Our second date was comprised of meeting for lunch and visiting various historical landmarks and museums of my town.  Dawson became progressively forthcoming in showing affection and possession.  It made me increasingly uncomfortable, since my emotional and physical feelings did not seem to match his.  I felt he was good company, but I did not feel he was the special one.  Stopping before each exhibit, I felt his arm slithering like a snake around my shoulders and pulling me close.  Feeling anxious, I knew I had to nip this in the bud.  But, how to do it with minimal emotional distress?

As it was the weekend of St. Patrick’s Day, we ended up at a restaurant toasting the occasion with green beer.  I smiled at him, unaware of how much I affected him.  He informed me that he was anxious to travel and wanted a partner.  He explained that he was to visit a friend in another state and would like me to come with him, mentioning that I would have to share a bed with him.  He gazed at me with a determined and adoring look.  Enveloping my hands in his, he asked imploringly, “Can you tell me that we have a future together?”  I was nonplussed.  Suddenly pulling my hands from his and shaking my head, I replied, “I-I can’t tell you that.  I don’t know.”  He looked crestfallen.  Nevertheless, he asked for a third date.  Feeling guilty, I agreed.

I did not hear from Dawson for two days, which was unusual.  I sent a couple of texts to confirm our date.  Awaiting his confirmation of the details of our next date, guilt and a marked uneasiness pervaded me.  I felt as if I were walking on eggs.  What a mess I would have made of those eggs!  I knew that our little emotional sojourn soon had to end.  Finally, Dawson replied.  It was not what I expected.  He wrote to me that he would not pursue this relationship because there was so much distance between us.  He wished me well.  I did the same and added that I hoped he would find someone who was more emotionally available.  It was a great relief.  Oddly I also felt a little down, almost as if I had been stood up.

Fair and Balanced

I found Dawson to be pleasant company and an able conversationalist.   However, I felt neither physically nor emotionally connected to him from the start.  It would have been more prudent for me to have ended this acquaintance by the first meeting.  Because I had experienced numerous unsatisfactory introductions, I felt that perhaps I had been a bit harsh in my judgments toward past online potentials.  I had also given way to feelings of insecurity and loneliness.

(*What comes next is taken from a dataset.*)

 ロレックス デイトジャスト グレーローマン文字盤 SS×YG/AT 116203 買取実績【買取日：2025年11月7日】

From this experience, I have gained self-awareness in that I now know I must address these states.  Hopefully, it will lead to a greater understanding of how to create a balance of wisdom in which to fairly judge future dates.  Also, I must remain true to myself in what is realistically acceptable and what may not be so.  In a moment of weakness I decided to continue seeing Dawson, when in my heart I knew there could be no future.

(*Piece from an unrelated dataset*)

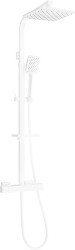 MEXEN/S - CQ62-SPRCHOVÁ SADA S TERMOSTATICKOU BATERIÍ, BÍLÁ (772506295-20)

Another self-discovery that came to light is that I was able to pinpoint what I truly need and desire from a forever commitment.  To genuinely connect with someone, we must be like-minded and share a similar infrastructure.  For me, this means the joy of sharing the warmth of hearth and home, going on vacation, enjoying family, giving one another emotional space, etc.  Above all, a desire to really get to know who we are and what we are to one another and savor the time we have together without rushing to meet bucket list deadlines.  The men I have been meeting assume without asking what I want out of a relationship.  They give me their agendas without asking me what is on mine.  They are in a rush to scoop me up and expect me to follow their needs and desires.  To me, that is no life at all.  I want to experience joy with my partner and relish the mutual warmth of people well loved.